- _WHAT NEEDS TO BE DONE_
Print the data below verbatim, minus images.

- _EXTRACTED RECORDS_
-- -- --

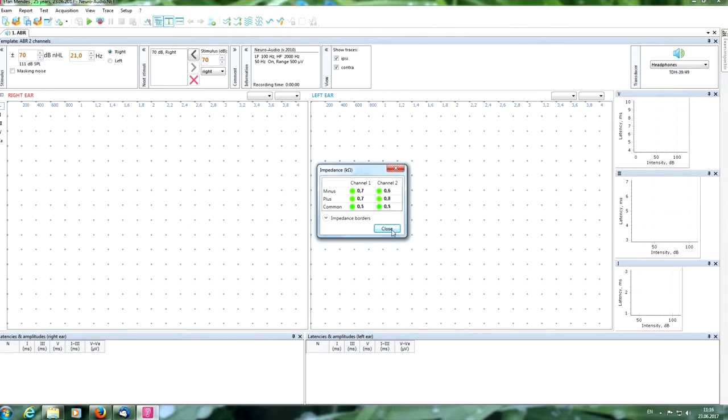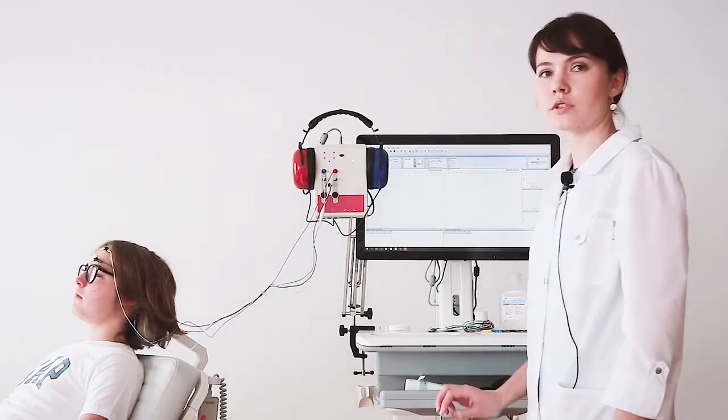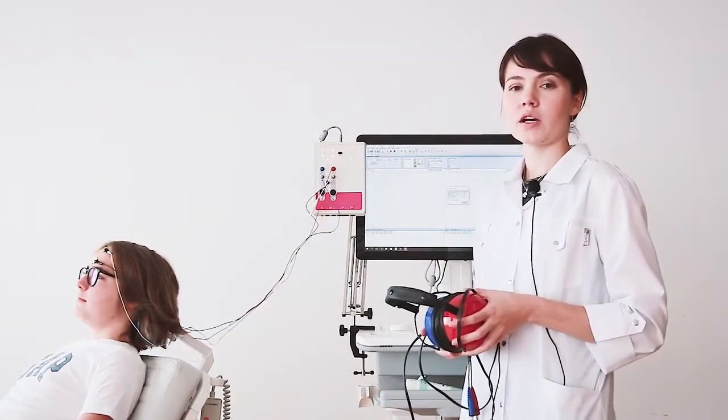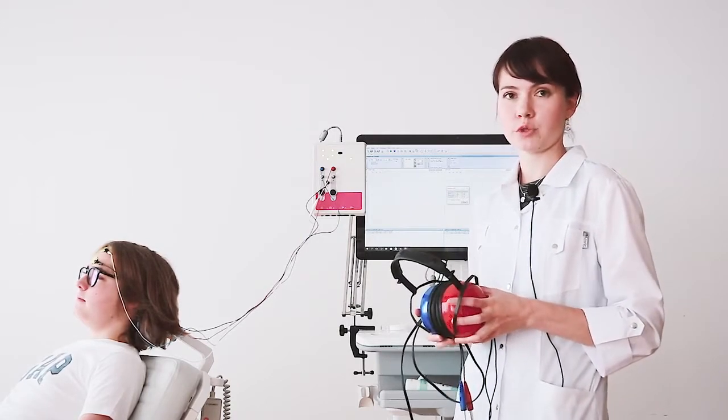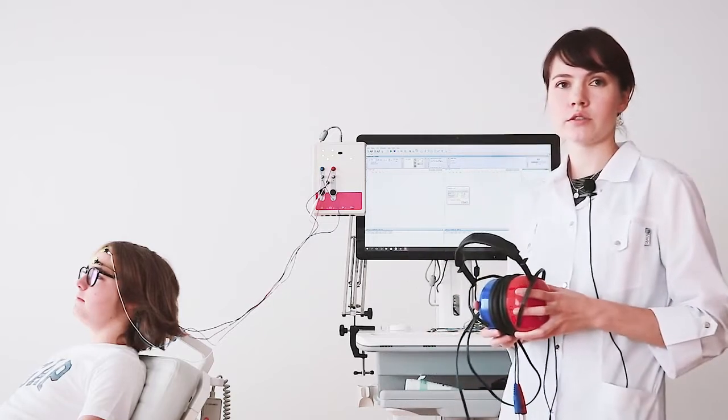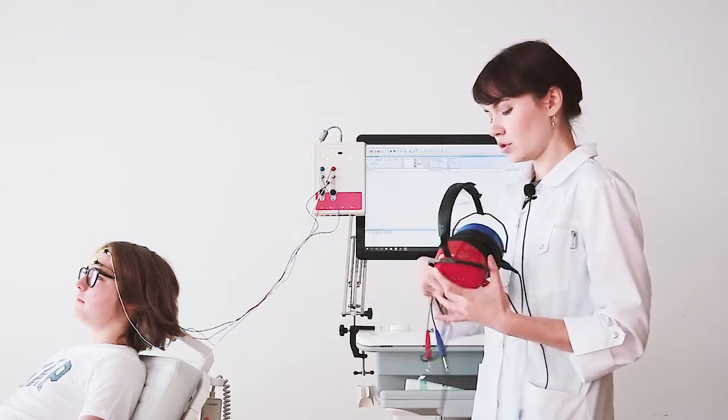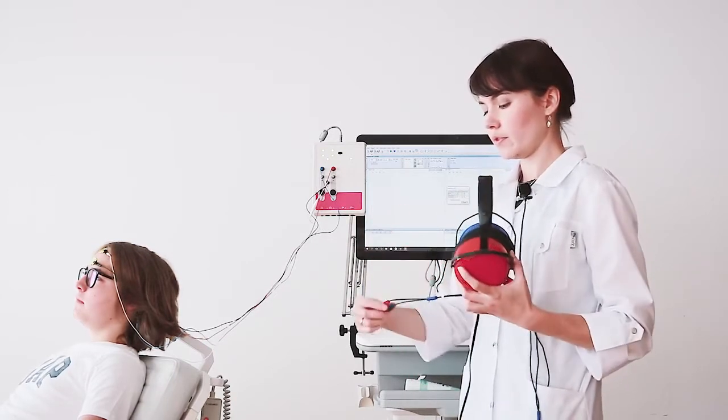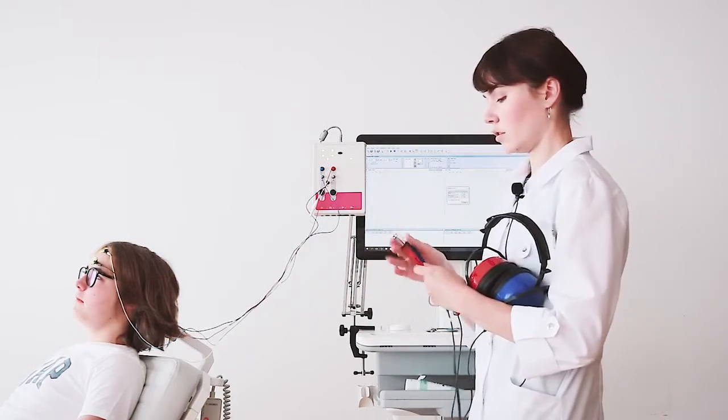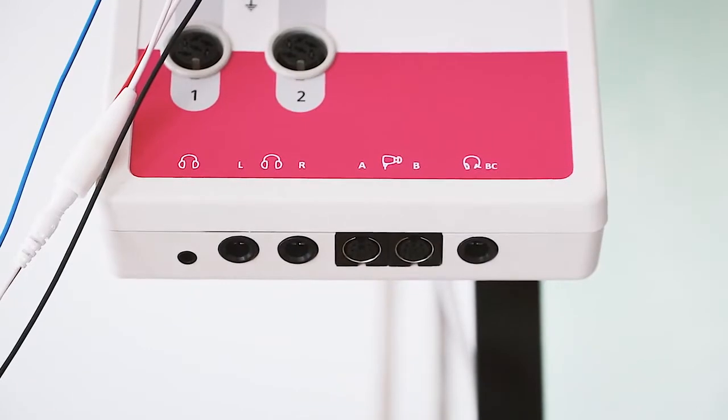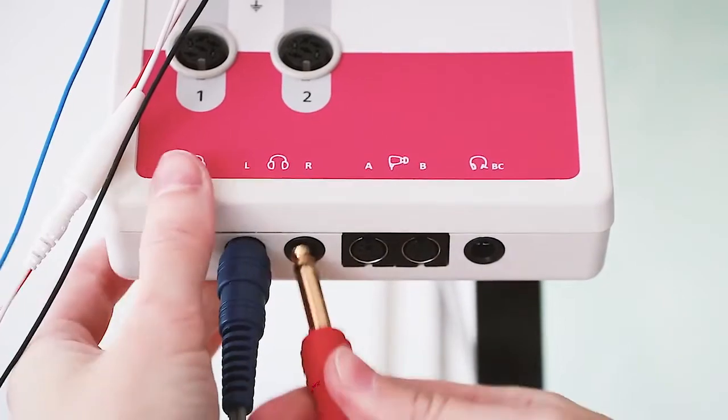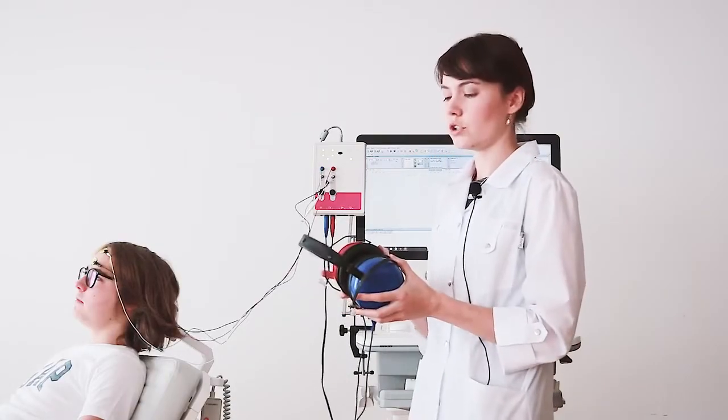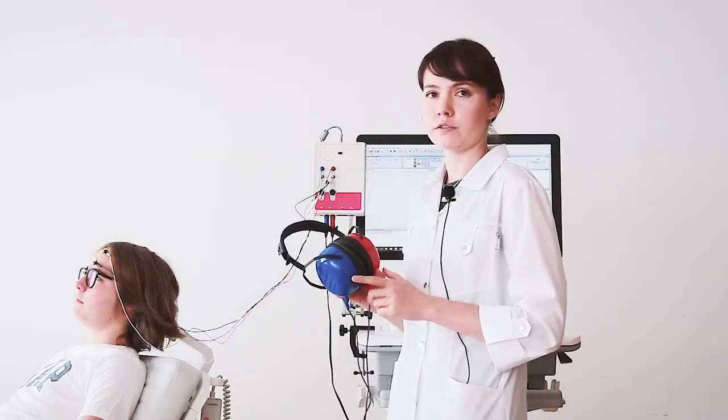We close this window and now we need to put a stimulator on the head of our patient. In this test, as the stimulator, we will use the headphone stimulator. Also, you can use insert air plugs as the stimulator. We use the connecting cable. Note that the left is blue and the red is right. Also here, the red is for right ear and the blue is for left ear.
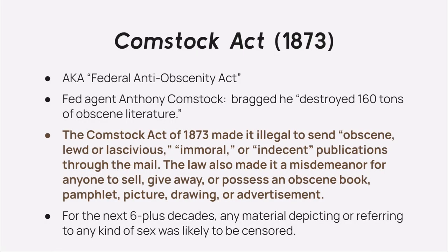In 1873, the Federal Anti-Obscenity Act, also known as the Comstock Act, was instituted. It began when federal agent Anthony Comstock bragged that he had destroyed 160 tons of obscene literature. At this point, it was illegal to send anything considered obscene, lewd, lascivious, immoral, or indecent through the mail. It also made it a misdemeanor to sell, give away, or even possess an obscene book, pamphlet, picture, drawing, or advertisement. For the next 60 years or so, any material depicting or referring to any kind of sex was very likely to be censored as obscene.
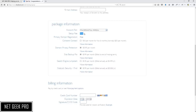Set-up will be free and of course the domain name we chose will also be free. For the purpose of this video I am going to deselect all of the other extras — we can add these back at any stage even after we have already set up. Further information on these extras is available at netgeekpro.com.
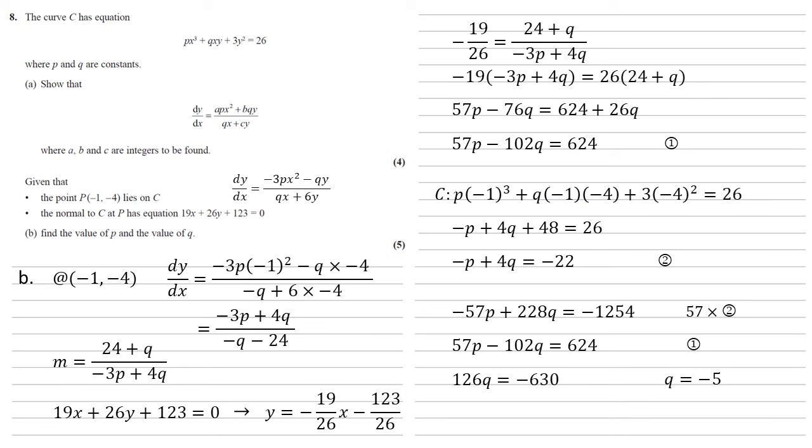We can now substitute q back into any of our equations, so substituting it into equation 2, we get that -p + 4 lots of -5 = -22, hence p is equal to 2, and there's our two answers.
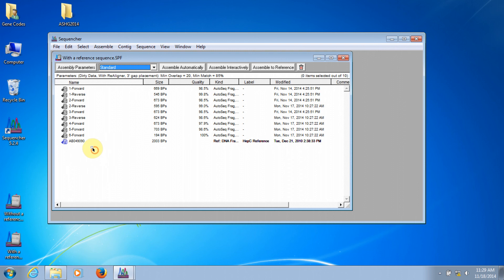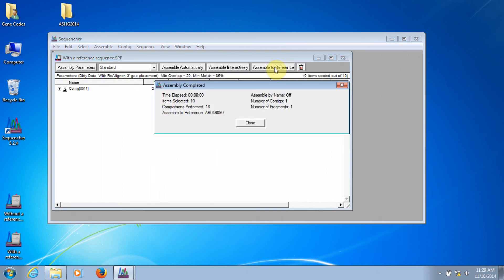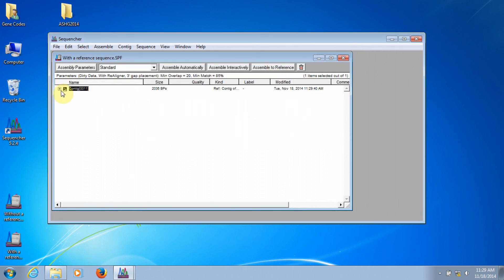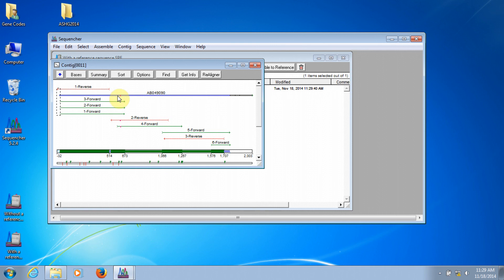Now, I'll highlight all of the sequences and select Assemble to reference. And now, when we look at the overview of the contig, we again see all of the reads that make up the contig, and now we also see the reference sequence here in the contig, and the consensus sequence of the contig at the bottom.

-- -- --

- _EXPECTED ANSWER_
We close this window and now we need to put a stimulator on the head of our patient. In this test, as the stimulator, we will use the headphone stimulator. Also, you can use insert air plugs as the stimulator. We use the connecting cable. Note that the left is blue and the red is right. Also here, the red is for right ear and the blue is for left ear.
In 1873, the Federal Anti-Obscenity Act, also known as the Comstock Act, was instituted. It began when federal agent Anthony Comstock bragged that he had destroyed 160 tons of obscene literature. At this point, it was illegal to send anything considered obscene, lewd, lascivious, immoral, or indecent through the mail. It also made it a misdemeanor to sell, give away, or even possess an obscene book, pamphlet, picture, drawing, or advertisement. For the next 60 years or so, any material depicting or referring to any kind of sex was very likely to be censored as obscene.
Set-up will be free and of course the domain name we chose will also be free. For the purpose of this video I am going to deselect all of the other extras — we can add these back at any stage even after we have already set up. Further information on these extras is available at netgeekpro.com.
We can now substitute q back into any of our equations, so substituting it into equation 2, we get that -p + 4 lots of -5 = -22, hence p is equal to 2, and there's our two answers.
Now, I'll highlight all of the sequences and select Assemble to reference. And now, when we look at the overview of the contig, we again see all of the reads that make up the contig, and now we also see the reference sequence here in the contig, and the consensus sequence of the contig at the bottom.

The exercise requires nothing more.